Здание, в котором мы находились, явно было только что достроено. Его архитектура соответствовала традиционному, но сугубо послевоенному сталинскому стилю, что навело меня на мысль, что в моем параллельном мире этого места вообще не существовало.

– А как давно это все здесь появилось? – спросила я, когда мы вышли во двор и, обогнув дом, стали спускаться к пляжу по засыпанной гравием дорожке. – Как-то странно это все выглядит для 1937 года.

– Эту госдачу по моему заказу возвели в предельно сжатые сроки, используя новейшие технологии быстрого строительства… специально дня нас с тобой. Когда я утверждал проект, то в первую очередь руководствовался твоим вкусом. Тебе нравится?

Я повернулась и стала рассматривать белый фасад с огромным солярием, выходящим на море. Если бы в 2010 году еще до полета в прошлое меня заставили описать внешний вид моего воображаемого приморского коттеджа, то он бы выглядел именно так. Оказывается, в отношении архитектуры я была поклонницей сталинского ампира. Это меня поразило.

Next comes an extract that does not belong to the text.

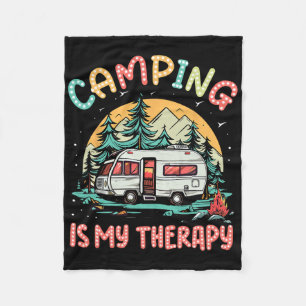 Camping is mijn therapie kampvuur zomerkamp famili fleece deken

– А как ты так угадал? – спросила я, глядя на большие окна первого этажа. – Мы же с тобой никогда об этом не говорили.

Он ухмыльнулся:

– Тебя все время удивляет, что мне не составляет никакого труда твои мысли читать. Правда, должен отметить, что и вкус у нас с тобой во многом совпадает. Так что я прикинул, какой дом здесь хотелось бы видеть мне, дополнил его солярием и сказал, чтобы крышу украсили этими башенками. По-моему, неплохо получилось. Думаю, ты меня вдохновляешь.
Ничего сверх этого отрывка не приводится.